## INFORMATION SHOWN
══════════════════════════════
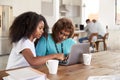 Teenage African American  girl helping her grandmother use a laptop computer at home, close up Royalty Free Stock Photo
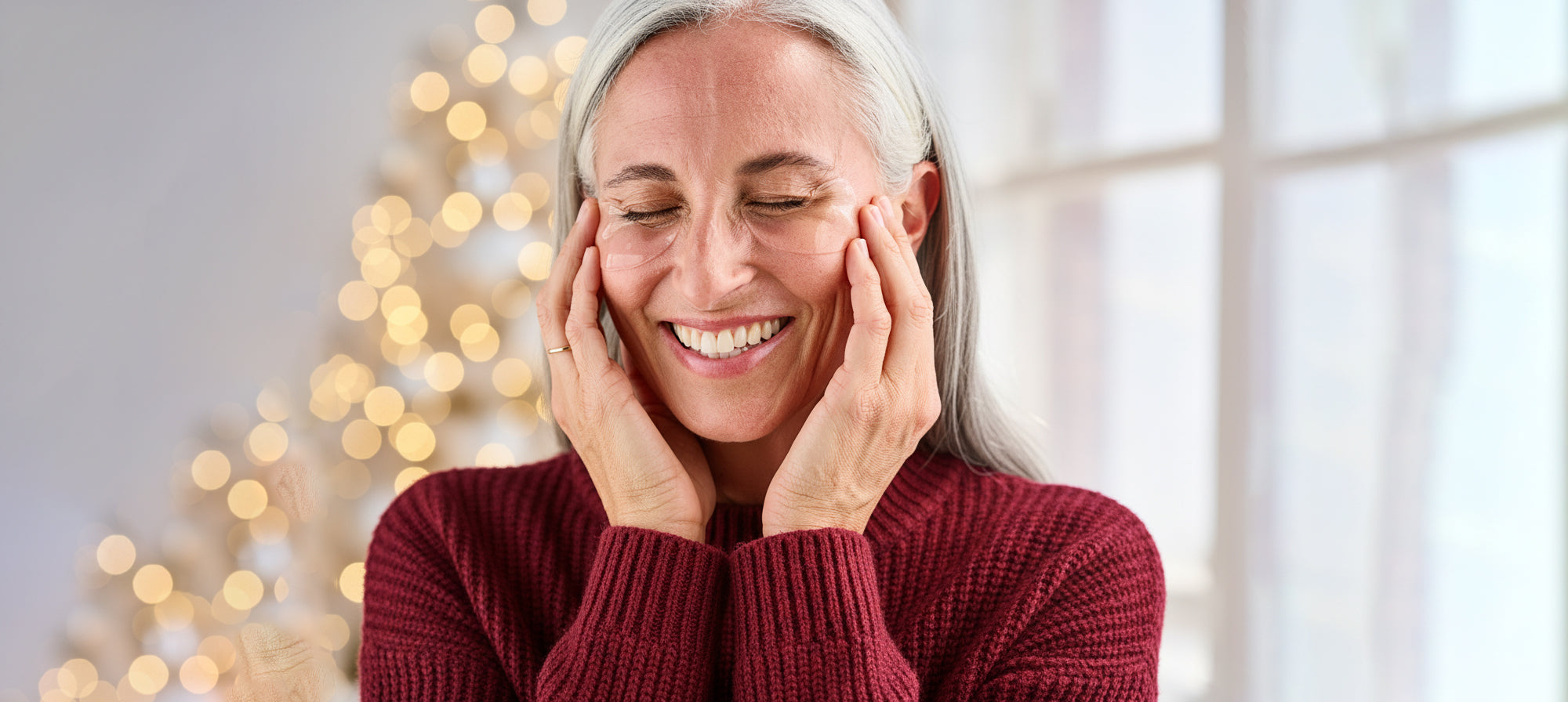 Woman in a red sweater smiling with hands on her face, Christmas tree in the background
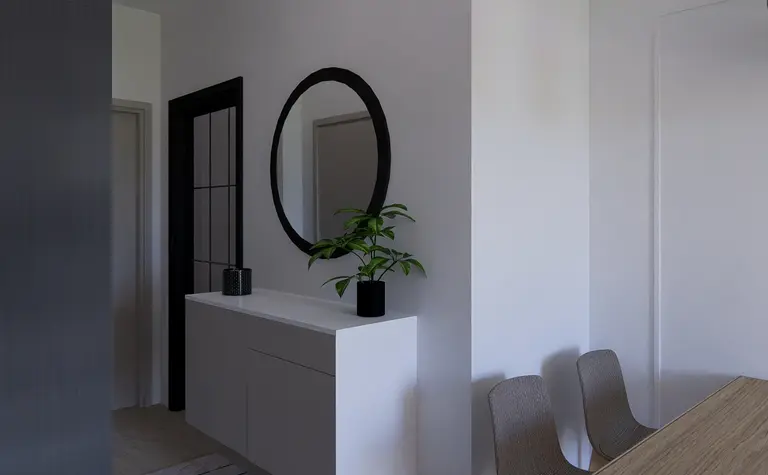 Przedpokój w stylu minimalistycznym z białą komodą i okrągłym lustrem.
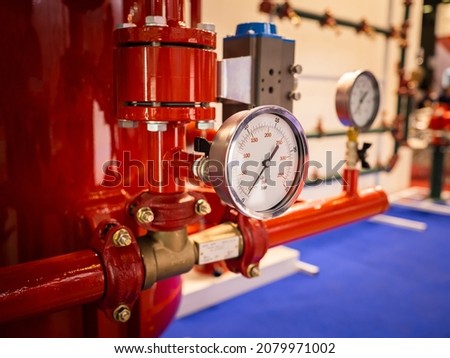 Modern fire protection system. Fire protection system in red. Flame extinguishing apparatus at enterprise. Indoor flame detection and extinguishing. Fire prevention equipment. Pressure Sensors Royalty-Free Stock Photo #2079971002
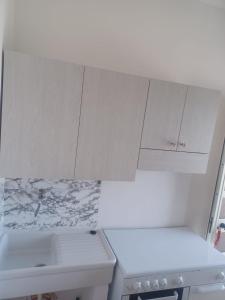 a kitchen with white cabinets and a sink at Perla Marina in San Nicola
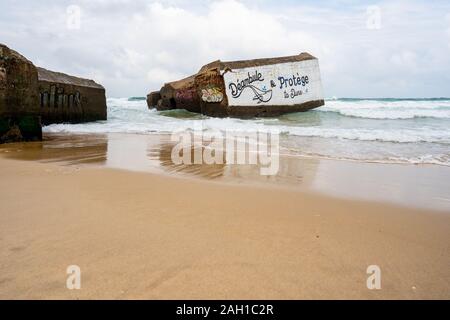 Beton Bunker aus Kriegszeiten Vergangenheit in Shorebreak auf Französisch Strand Stockfoto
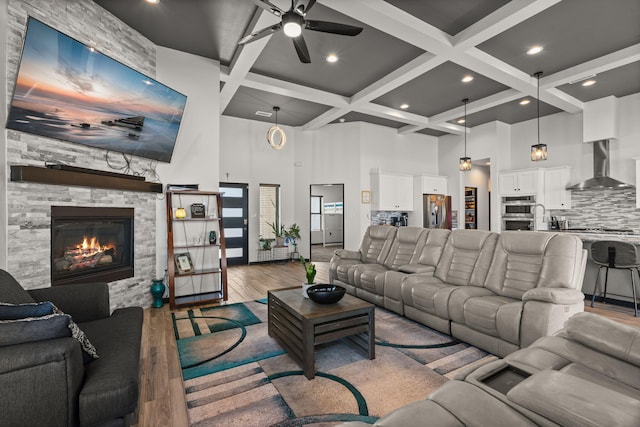 living area featuring a high ceiling, a ceiling fan, wood finished floors, coffered ceiling, and beamed ceiling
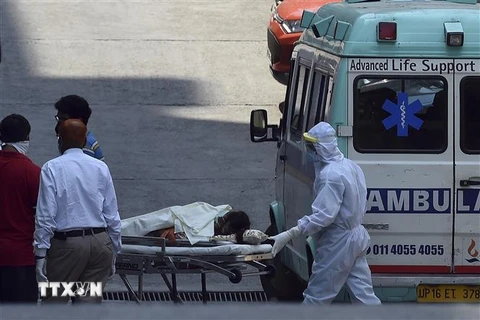  Nhân viên y tế chuyển bệnh nhân nghi mắc COVID-19 từ xe cứu thương vào một bệnh viện ở New Delhi, Ấn Độ ngày 27/4/2020. (Ảnh: AFP/TTXVN)
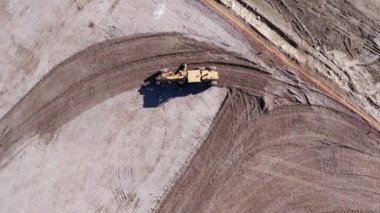 Toprak hareket eden buldozerin havadan görünüşü. Takip edilen bir buldozer kum ocağında çalışıyor. Toprak hareket eden buldozerin sanayi bölgesinde kum çıkarışının en üst görüntüsü.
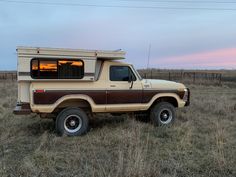 an old truck with a camper on the back parked in a field at sunset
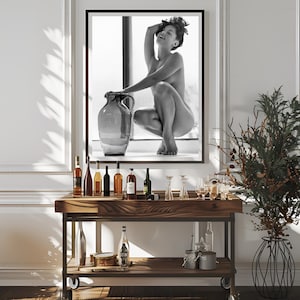 Peut inclure: Une photographie en noir et blanc d'une femme posant avec une grande jarre en c&eacute;ramique. La femme est nue et a les cheveux tir&eacute;s en arri&egrave;re. La photographie est encadr&eacute;e et accroch&eacute;e &agrave; un mur blanc au-dessus d'un chariot de bar en bois avec des bouteilles et des verres.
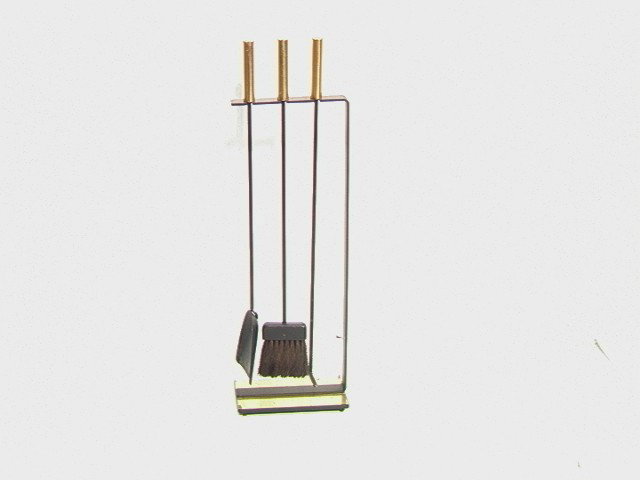Moderne Brass and Iron Fireplace Tool Set. Linea: Moderne Brass and Iron Fireplace Tool Set. Linear Frame with three hanging tools. Brass Accent Base and Handles. -- Dimensions: H: 33 inches: W: 11 inches: D: 6 inches --- Condition (General): Minor w
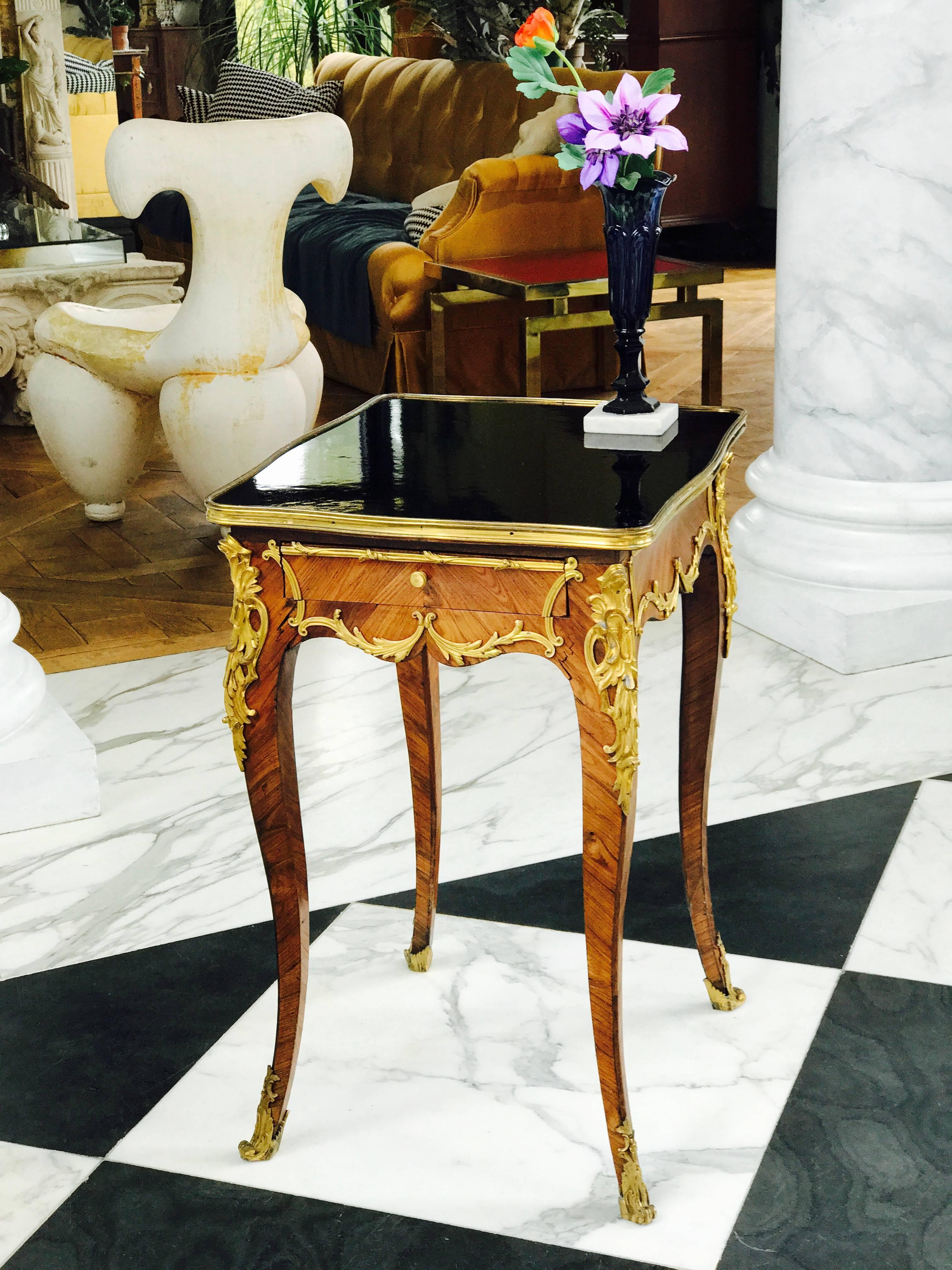 This Period Louis XV side table was made ca 1760, the kingwood veneers are all original and so are the thickly gold plated hand chased bronze mounts, which grace all four sides, so the table can be free-standing. 
The proportions are perfection and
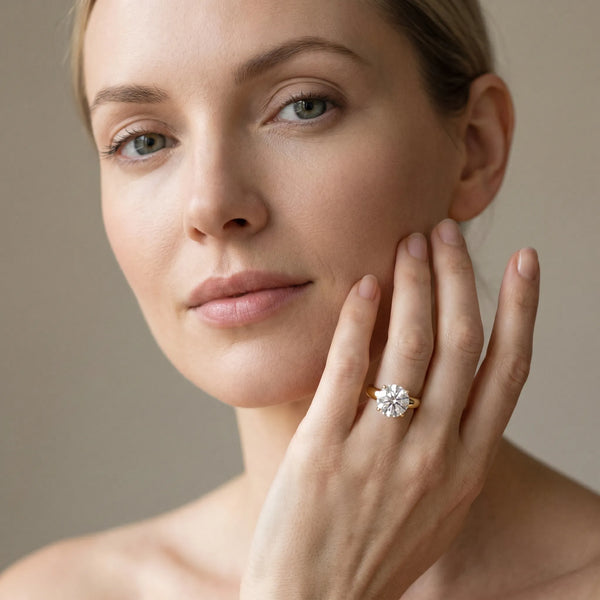 Yellow gold Round Solitaire Diamond Ring with Tapered Band and Four-Prong Setting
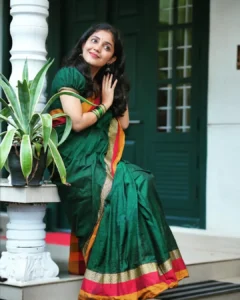 Model wearing dark green color saree in designer boutique calicut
══════════════════════════════
## TASK PROMPT
Make an exact copy of all the material, but keep the pictures out of it.

## ANSWER SPACE
 Teenage African American  girl helping her grandmother use a laptop computer at home, close up Royalty Free Stock Photo
 Woman in a red sweater smiling with hands on her face, Christmas tree in the background
 Przedpokój w stylu minimalistycznym z białą komodą i okrągłym lustrem.
 Modern fire protection system. Fire protection system in red. Flame extinguishing apparatus at enterprise. Indoor flame detection and extinguishing. Fire prevention equipment. Pressure Sensors Royalty-Free Stock Photo #2079971002
 a kitchen with white cabinets and a sink at Perla Marina in San Nicola
 Beton Bunker aus Kriegszeiten Vergangenheit in Shorebreak auf Französisch Strand Stockfoto
 living area featuring a high ceiling, a ceiling fan, wood finished floors, coffered ceiling, and beamed ceiling
  Nhân viên y tế chuyển bệnh nhân nghi mắc COVID-19 từ xe cứu thương vào một bệnh viện ở New Delhi, Ấn Độ ngày 27/4/2020. (Ảnh: AFP/TTXVN)
 Toprak hareket eden buldozerin havadan görünüşü. Takip edilen bir buldozer kum ocağında çalışıyor. Toprak hareket eden buldozerin sanayi bölgesinde kum çıkarışının en üst görüntüsü.
 an old truck with a camper on the back parked in a field at sunset
 Peut inclure: Une photographie en noir et blanc d'une femme posant avec une grande jarre en c&eacute;ramique. La femme est nue et a les cheveux tir&eacute;s en arri&egrave;re. La photographie est encadr&eacute;e et accroch&eacute;e &agrave; un mur blanc au-dessus d'un chariot de bar en bois avec des bouteilles et des verres.
Moderne Brass and Iron Fireplace Tool Set. Linea: Moderne Brass and Iron Fireplace Tool Set. Linear Frame with three hanging tools. Brass Accent Base and Handles. -- Dimensions: H: 33 inches: W: 11 inches: D: 6 inches --- Condition (General): Minor w
 This Period Louis XV side table was made ca 1760, the kingwood veneers are all original and so are the thickly gold plated hand chased bronze mounts, which grace all four sides, so the table can be free-standing. 
The proportions are perfection and
 Yellow gold Round Solitaire Diamond Ring with Tapered Band and Four-Prong Setting
 Model wearing dark green color saree in designer boutique calicut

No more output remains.